うわー。足りない。人生が足りない。とことん知り尽くすまで。本質に迫るまで。そんな壮大な人類と食糧を巡る文明史であり通史。ちょっとわかった気になった途端、やっぱりわからない。そんな本。近代農業の全否定ではなく、有機農業の全てが良いとは言い切らず、淡々と、それでも深く、農業生産を取り巻く歴史・文化・環境が学べる。

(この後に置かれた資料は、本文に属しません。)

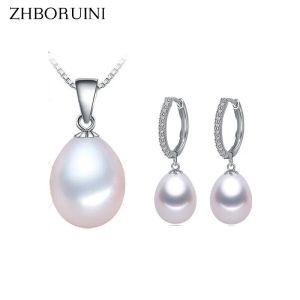 Set ZHBORUINI Set di gioielli di perle Collana di perle d'acqua dolce naturali Orecchini con zirconi a goccia Set di gioielli in argento sterling 925 per le donne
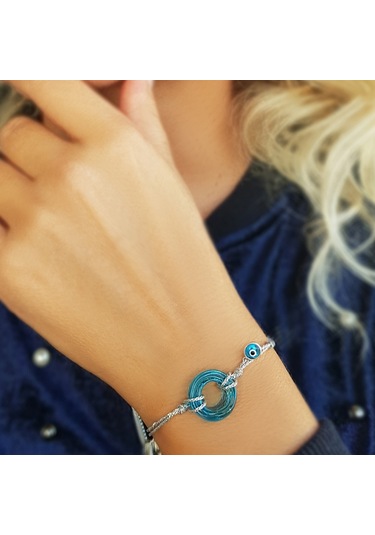 El Yapımı Cam Gümüş Nazarlı Bileklik N11.11720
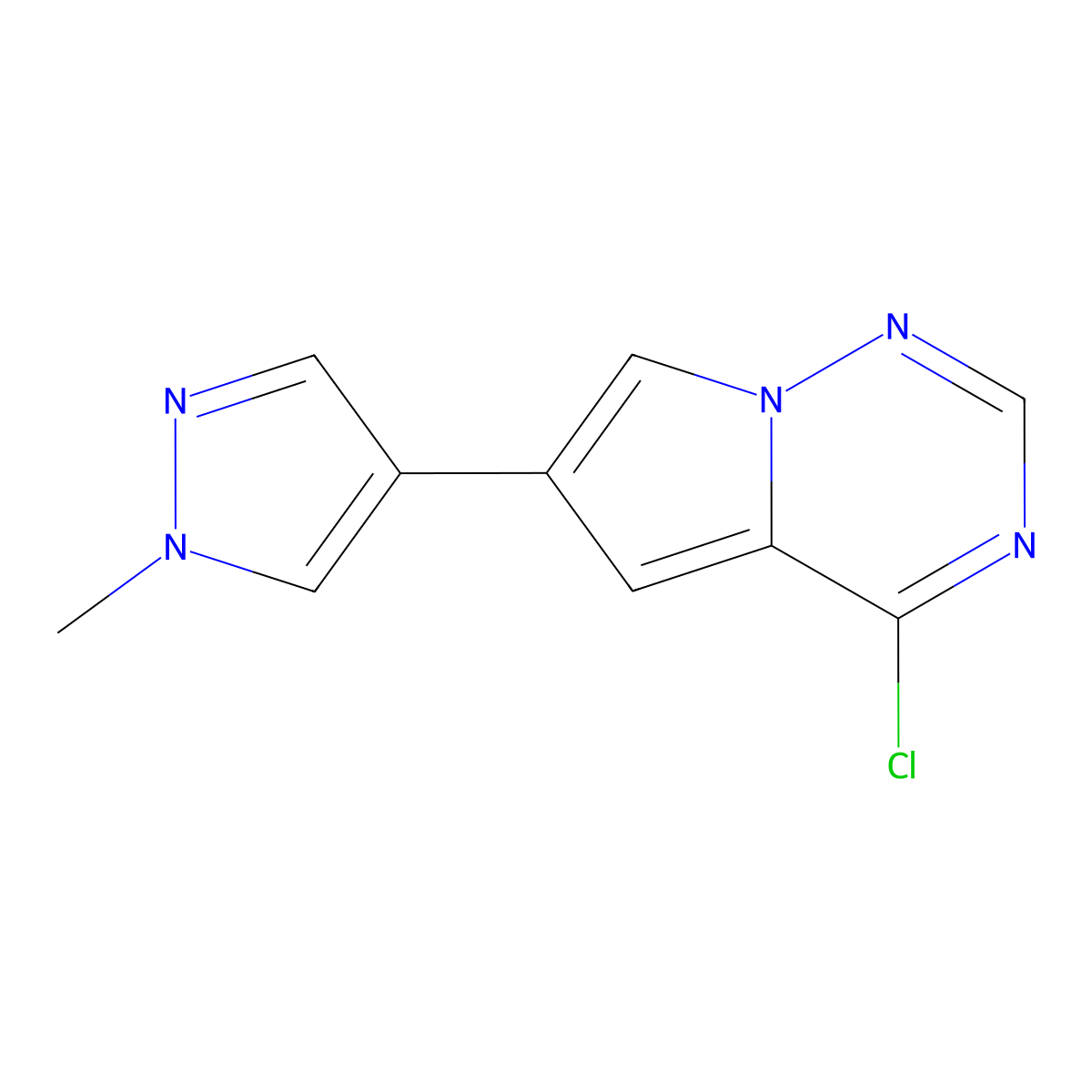 4-Chloro-6-(1-methyl-1H-pyrazol-4-yl)pyrrolo[2,1-f][1,2,4]triazine molecular structure, CAS 1703794-33-5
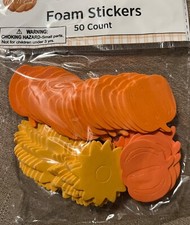 Fall Pumpkin  Sunflower Foam Stickers 50 Ct. New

アマゾンの熱帯雨林地域で、森林が伐採され、大地があらわになっている光景を目の当たりにした著者ルース・ドフリースが不覚にも涙をこぼすところから、この文明史への追求が始まる。目の前に起こっていることは、なにを意味しているのか、どう理解すればいいのか、著者は自問自答を続ける。品種改良、飢餓、薬物、害虫との闘い、食生活の変化、健康、家族形態、居場所と仕事、自然との距離感、地球の未来、地球の循環メカニズム、バッタの大量発生、農場経営者、地質学者、博物学者、経済学者、考古学、窒素、炭素、土壌、植物、リン、酸素、オゾン層、遺伝子、食物連鎖、緑の革命、フードマイレージ、ハイブリット米・・・冒頭の文章で「ベトナム南部のメコンデルタの青々とした水田」「アイルランドのジャガイモ飢餓」とあったので、今までの自分の人生と関わってきた文明と歴史に高揚しながら、一気に読み入った。

The Big Ratchet: How Humanity Thrives in the Face of Natural Crisis by Ruth DeFries 飢餓を克服した大増産の文明史

1.鳥瞰図ー人類の旅路のとらえかた
2.地球の始まり
3.創意工夫の能力を発揮する
4.定住生活につきものの難題
5.海を越えてきた貴重な資源
6.何千年来の難題の解消
7.モノカルチャーが農業を変える
8.実りの争奪戦
9.飢餓の撲滅をめざして
10.農耕生活から都市生活へ

「本書がめざすのは、人類が歩んだ旅路をなぞり、どのような経緯でここまで到達したのかをあきらかにすること。いままでをふり返れば、きっとこの地球上でのわたしたちの未来の姿が見えてくるはずだ。」

・人類史が過去に経験した破綻の危機はほとんどの場合、飢餓と食料不足だった。現在、わたしたちが直面している問題は、この食料不足によるものではなく、飽食が原因だ。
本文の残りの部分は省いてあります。